Location
- Country: United States
- State: New York
- County: Westchester
- Municipalities: New Rochelle, Scarsdale, Mamaroneck

Physical characteristics
- • location: White Plains
- • coordinates: 40°59′52″N 73°46′08″W﻿ / ﻿40.99778°N 73.76889°W
- Mouth: Mamaroneck River
- • location: Mamaroneck
- • coordinates: 40°57′17″N 73°44′11″W﻿ / ﻿40.95472°N 73.73639°W
- Length: 6 mi (9.7 km)

= Sheldrake River =

The Sheldrake River is a freshwater stream located in Southern Westchester County, New York. The river forms in White Plains and flows 6 mi south until it joins the Mamaroneck River. Approximately 1.58 mi of the Sheldrake River flow through Scarsdale, 2.13 mi through New Rochelle and 2 mi through the Town of Mamaroneck.

The Sheldrake River is the largest tributary of the Mamaroneck River, which flows into Long Island Sound. The Sheldrake River watershed drains approximately 6.1 sqmi and comprises the upper Sheldrake River (north of Sheldrake Lake) and lower Sheldrake River (south of Sheldrake Lake), the east branch, the main tributary to the east branch, and various smaller tributary streams.

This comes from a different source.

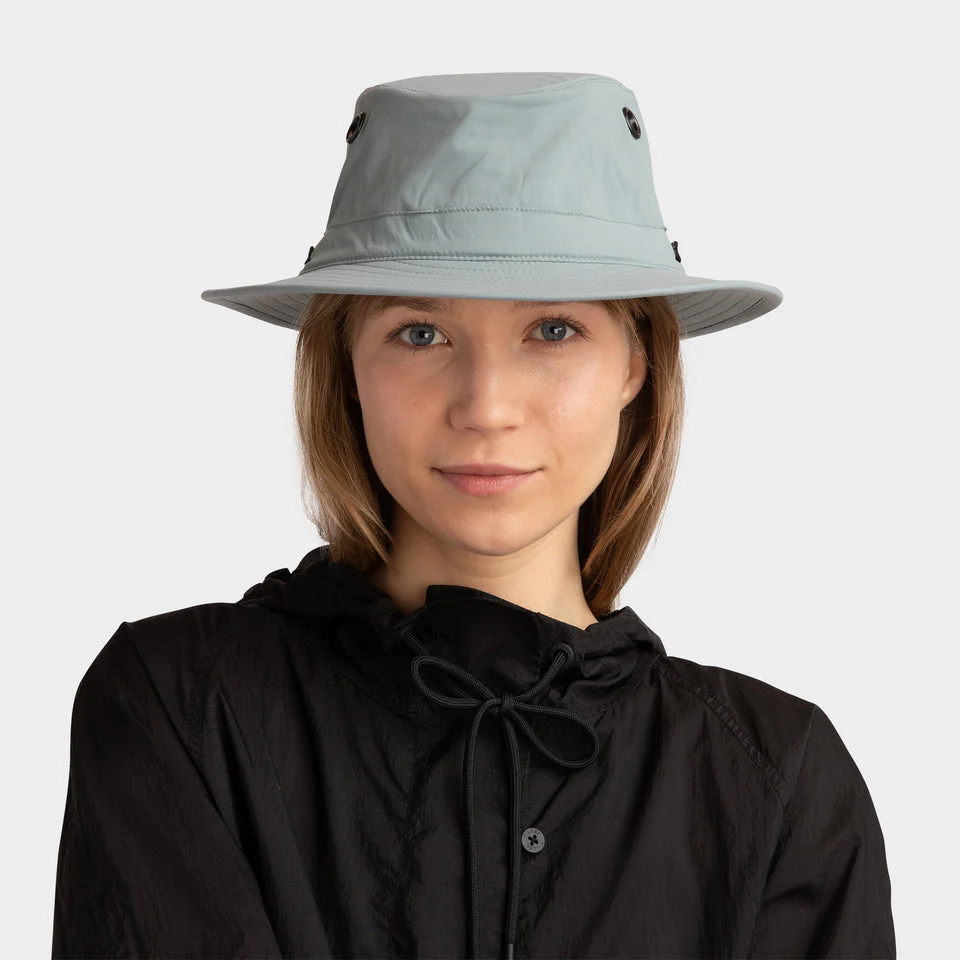 Tilley Ultralight T5 Classic - Image 7
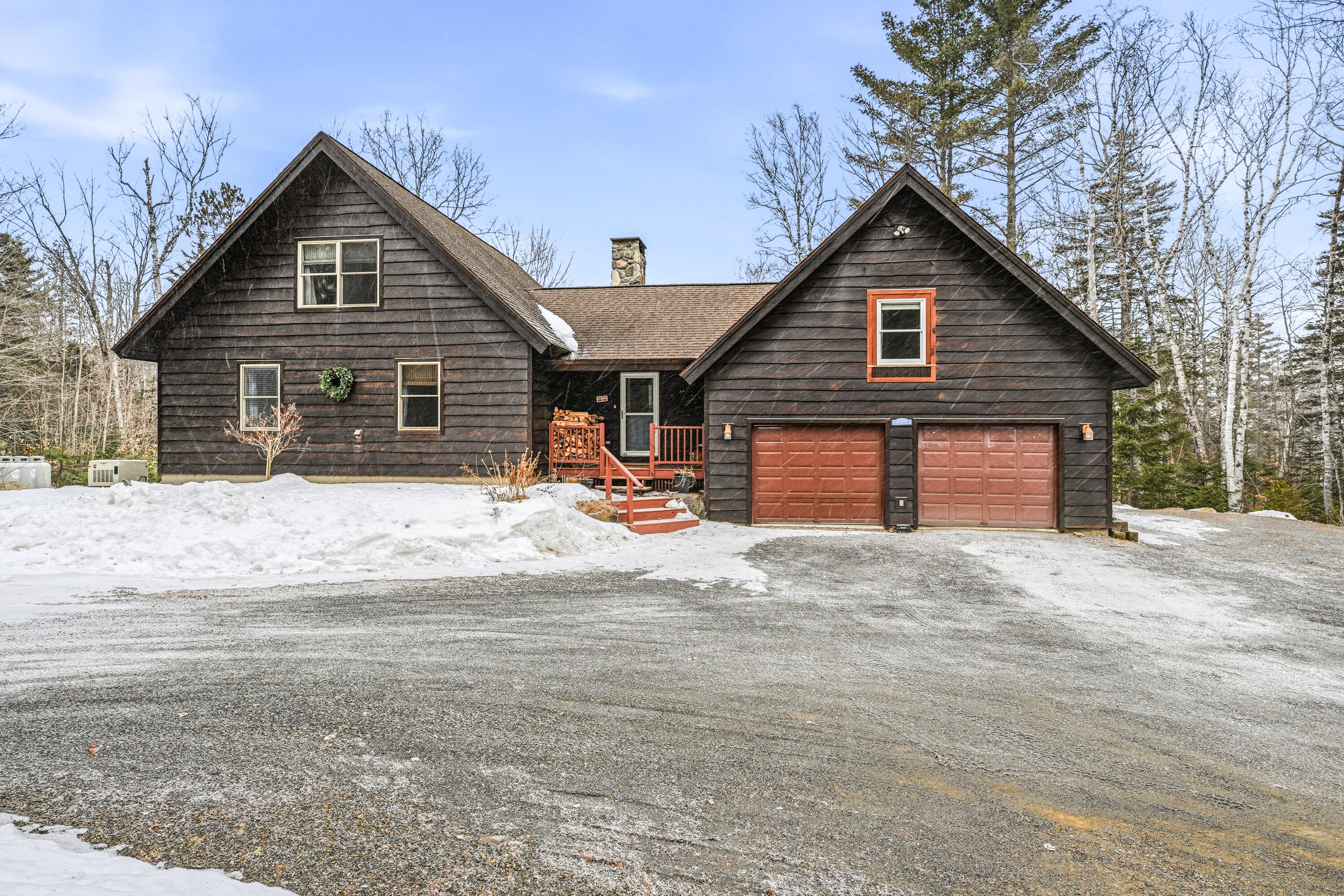2009 Brook Falls Road Carrabassett Valley, ME 04947 - Photo 57 of 58 110411gr-103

The Sheldrake River drainage system encompasses part of Mamaroneck Town, New Rochelle, Scarsdale, and a minor portion of White Plains.

==Geography==
From its origin, the river flows south through a medium-density upscale residential neighborhood. The river then enters a culvert running partly under Fenway Golf Course, where it re-surfaces and drains into Fenway Pond. From the pond, the river flows south/southwest past the Heathcote Five Corners intersection from Scarsdale to New Rochelle, eventually ending up in Carpenter Pond. The river flows over the dam at Carpenter Pond, where it widens to an average width of 15 feet and then flows south under the Hutchinson River Parkway and along Pine Brook Boulevard for approximately 1.5 mi where it enters Sheldrake Lake. The river is fed from the reservoir over a spillway into the adjacent Goodliffe Pond.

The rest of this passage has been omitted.